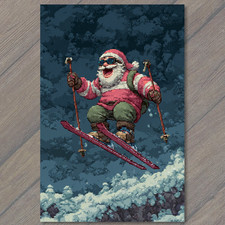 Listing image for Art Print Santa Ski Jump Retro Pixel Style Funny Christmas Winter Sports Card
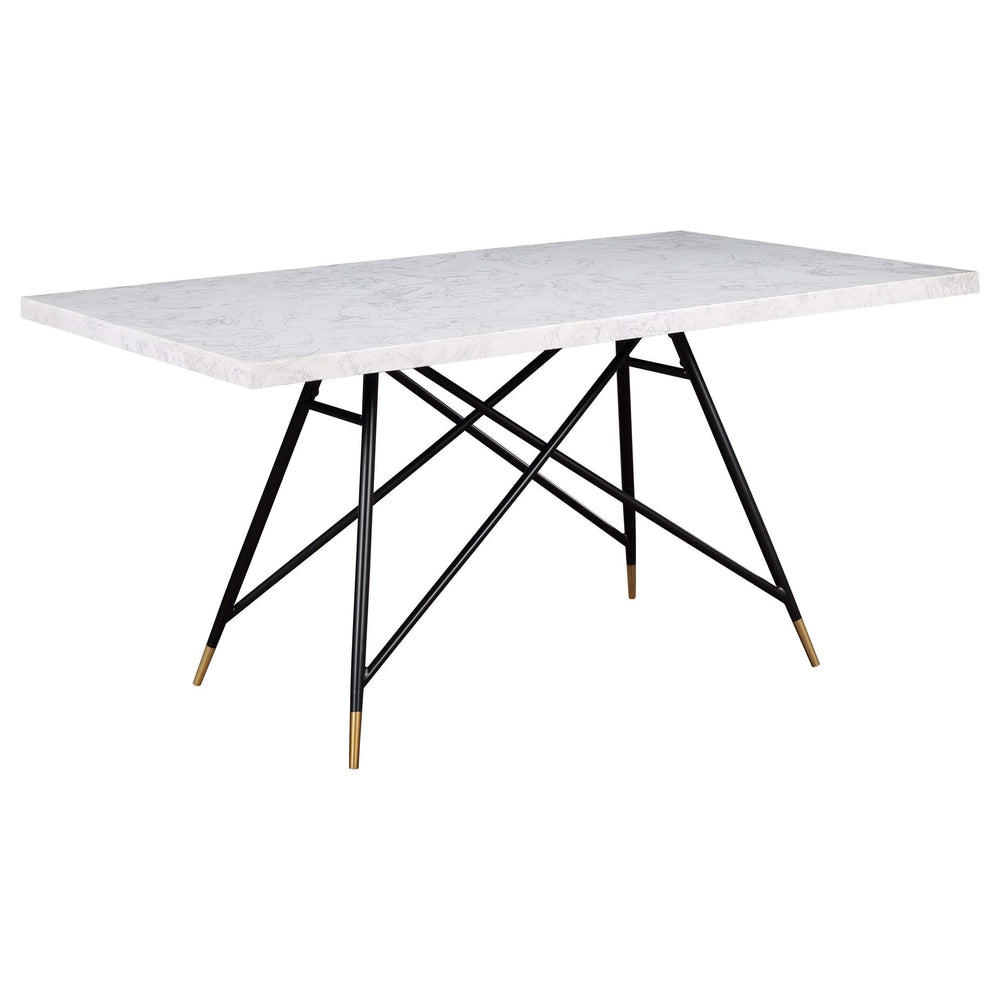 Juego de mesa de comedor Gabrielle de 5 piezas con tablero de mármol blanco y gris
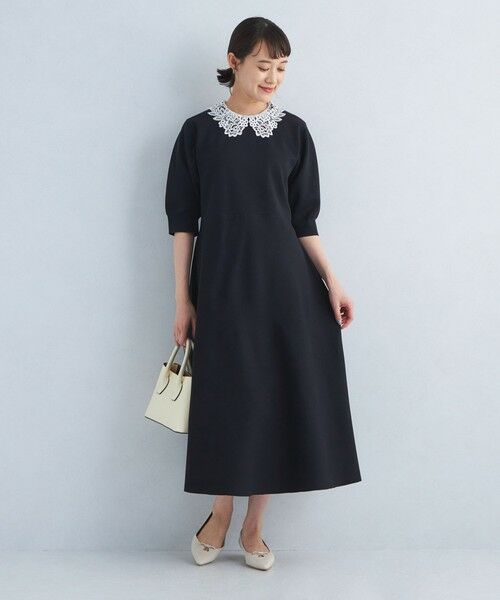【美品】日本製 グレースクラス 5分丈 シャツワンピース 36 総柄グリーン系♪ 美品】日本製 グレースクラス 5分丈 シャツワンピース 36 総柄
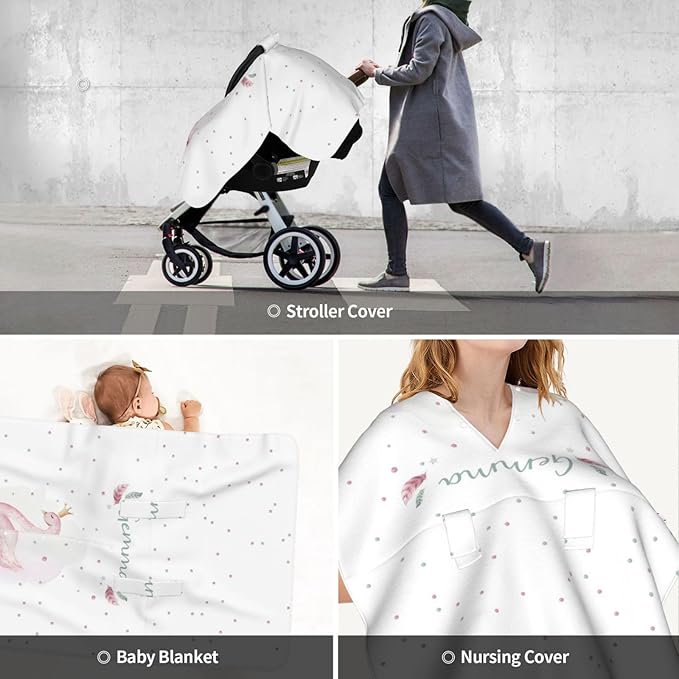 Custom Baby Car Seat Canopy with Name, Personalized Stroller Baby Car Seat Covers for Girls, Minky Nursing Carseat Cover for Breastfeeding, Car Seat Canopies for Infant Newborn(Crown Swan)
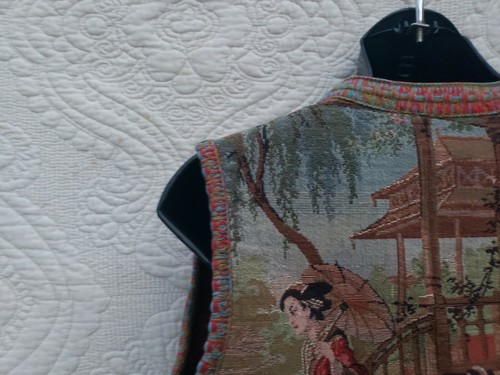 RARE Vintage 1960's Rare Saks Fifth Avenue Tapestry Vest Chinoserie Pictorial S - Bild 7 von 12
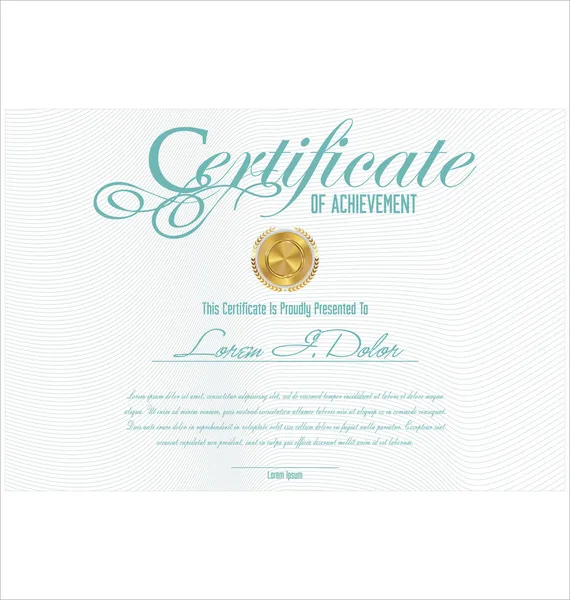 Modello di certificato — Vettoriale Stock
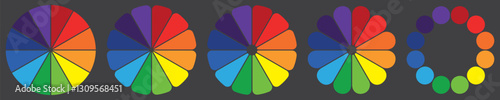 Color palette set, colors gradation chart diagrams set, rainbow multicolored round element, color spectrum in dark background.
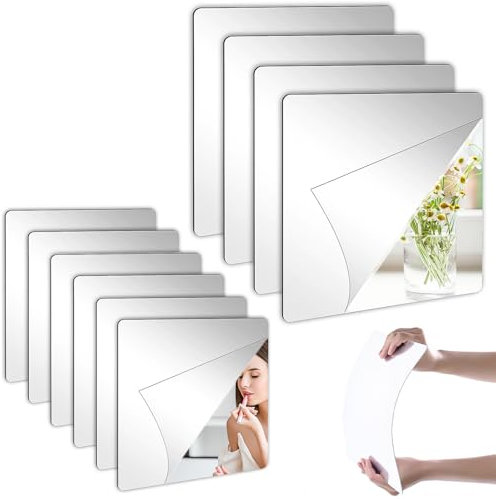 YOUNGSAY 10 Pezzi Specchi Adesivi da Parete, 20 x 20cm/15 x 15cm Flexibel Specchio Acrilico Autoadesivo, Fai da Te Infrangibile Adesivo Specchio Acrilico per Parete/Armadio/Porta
=======
▶ **Your task**
Your answer must be an exact copy of the records, without the pictures.

▶ **Solution to the problem**
 Listing image for Art Print Santa Ski Jump Retro Pixel Style Funny Christmas Winter Sports Card
 Juego de mesa de comedor Gabrielle de 5 piezas con tablero de mármol blanco y gris
【美品】日本製 グレースクラス 5分丈 シャツワンピース 36 総柄グリーン系♪ 美品】日本製 グレースクラス 5分丈 シャツワンピース 36 総柄
 Custom Baby Car Seat Canopy with Name, Personalized Stroller Baby Car Seat Covers for Girls, Minky Nursing Carseat Cover for Breastfeeding, Car Seat Canopies for Infant Newborn(Crown Swan)
 RARE Vintage 1960's Rare Saks Fifth Avenue Tapestry Vest Chinoserie Pictorial S - Bild 7 von 12
 Modello di certificato — Vettoriale Stock
 Color palette set, colors gradation chart diagrams set, rainbow multicolored round element, color spectrum in dark background.
 YOUNGSAY 10 Pezzi Specchi Adesivi da Parete, 20 x 20cm/15 x 15cm Flexibel Specchio Acrilico Autoadesivo, Fai da Te Infrangibile Adesivo Specchio Acrilico per Parete/Armadio/Porta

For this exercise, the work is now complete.